= Description of the task =
Each line below should be retyped exactly, with no pictures.

= Raw data =
--------------------

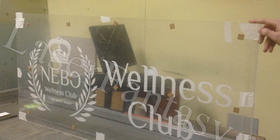 Корона на оргстекле. Корона в логотипе. Где сделать гравировку? 6-ая Радиальная 62,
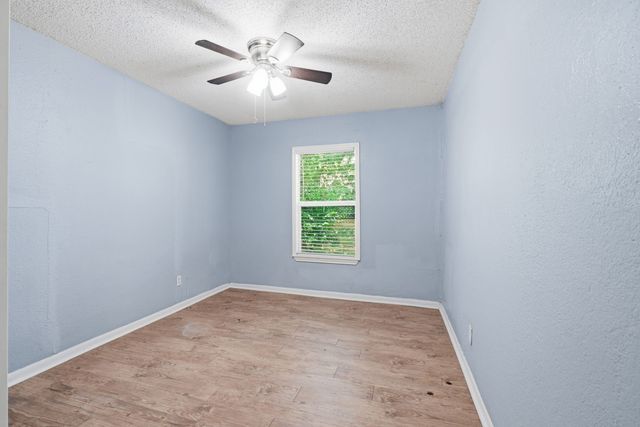 1401 Granbury Street, Cleburne, TX 76033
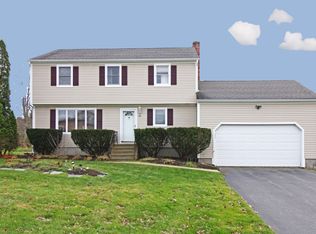 74 Prudence View Dr, Portsmouth, RI 02871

--------------------

= Answer section =
 Корона на оргстекле. Корона в логотипе. Где сделать гравировку? 6-ая Радиальная 62,
 1401 Granbury Street, Cleburne, TX 76033
 74 Prudence View Dr, Portsmouth, RI 02871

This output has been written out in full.